Entries taken from a collection:
Content starts

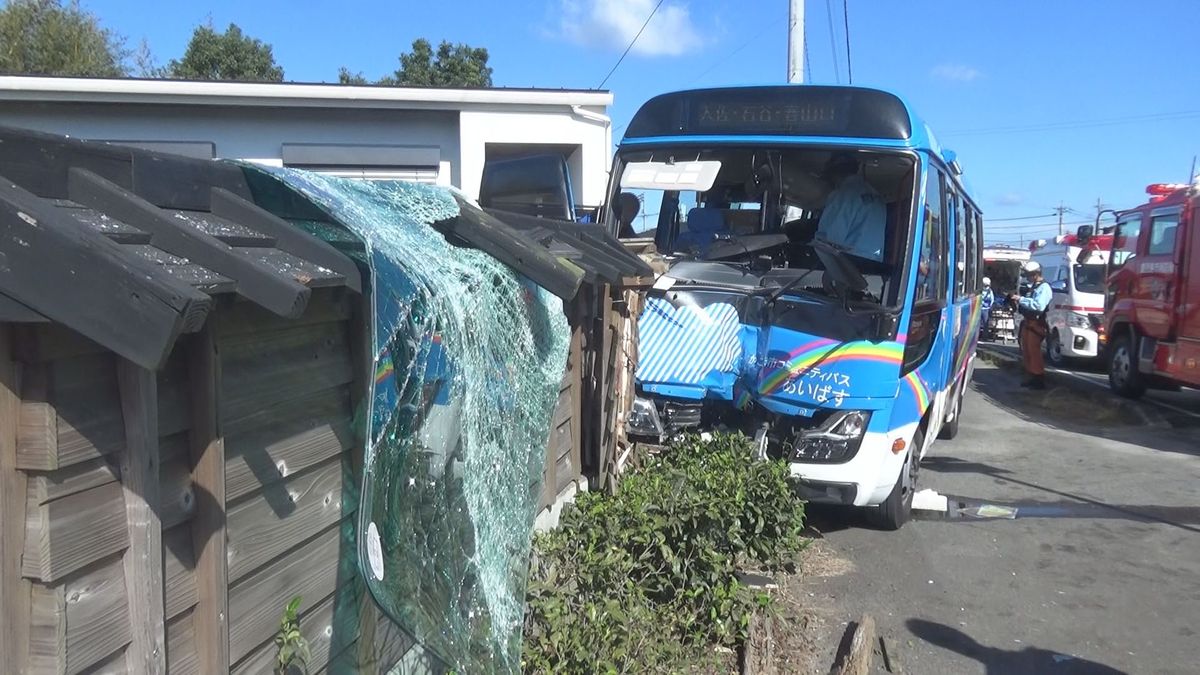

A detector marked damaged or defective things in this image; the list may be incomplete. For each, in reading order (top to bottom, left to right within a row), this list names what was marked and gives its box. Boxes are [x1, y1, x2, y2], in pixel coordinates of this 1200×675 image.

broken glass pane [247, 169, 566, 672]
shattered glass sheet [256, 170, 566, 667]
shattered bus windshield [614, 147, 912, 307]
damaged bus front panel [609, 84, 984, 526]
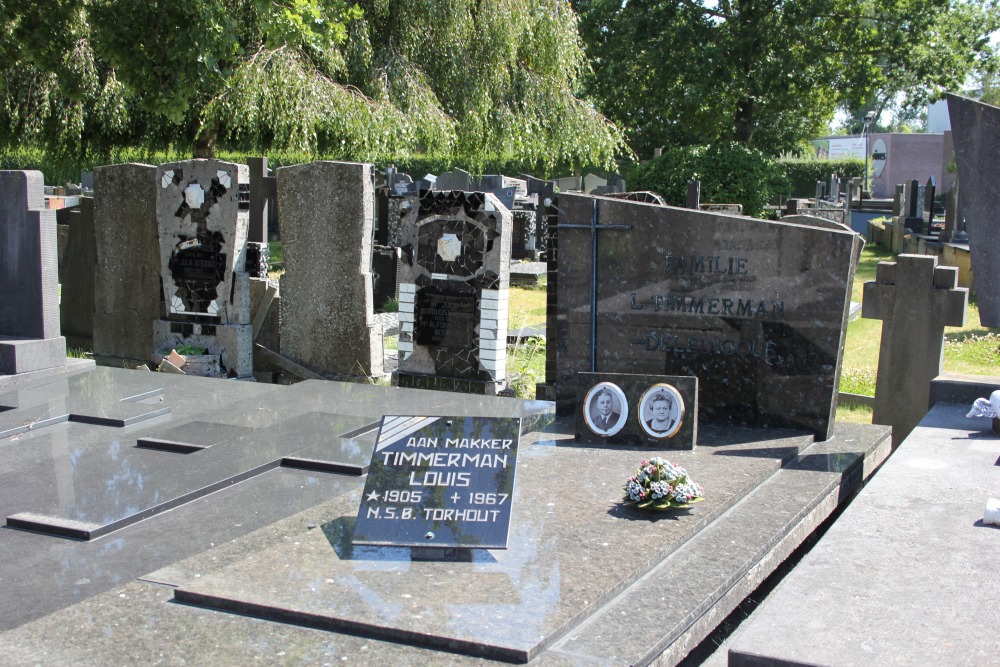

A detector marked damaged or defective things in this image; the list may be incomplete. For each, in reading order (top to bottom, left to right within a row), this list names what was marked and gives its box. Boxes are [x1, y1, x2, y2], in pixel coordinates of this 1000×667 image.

Content ends

TASK BRIEF: Every record should come back exactly as it is, though none of the pictures should.

ANSWER BOX:
A detector marked damaged or defective things in this image; the list may be incomplete. For each, in reading order (top to bottom, left to right within a row), this list names what was marked and gives its box. Boxes are [x1, y1, x2, y2], in pixel coordinates of this 1200×675 image.

broken glass pane [247, 169, 566, 672]
shattered glass sheet [256, 170, 566, 667]
shattered bus windshield [614, 147, 912, 307]
damaged bus front panel [609, 84, 984, 526]

A detector marked damaged or defective things in this image; the list may be incomplete. For each, in reading order (top to bottom, left to right within a row), this list names what was marked and gives its box. Boxes are [x1, y1, x2, y2], in pixel coordinates of this 1000×667 image.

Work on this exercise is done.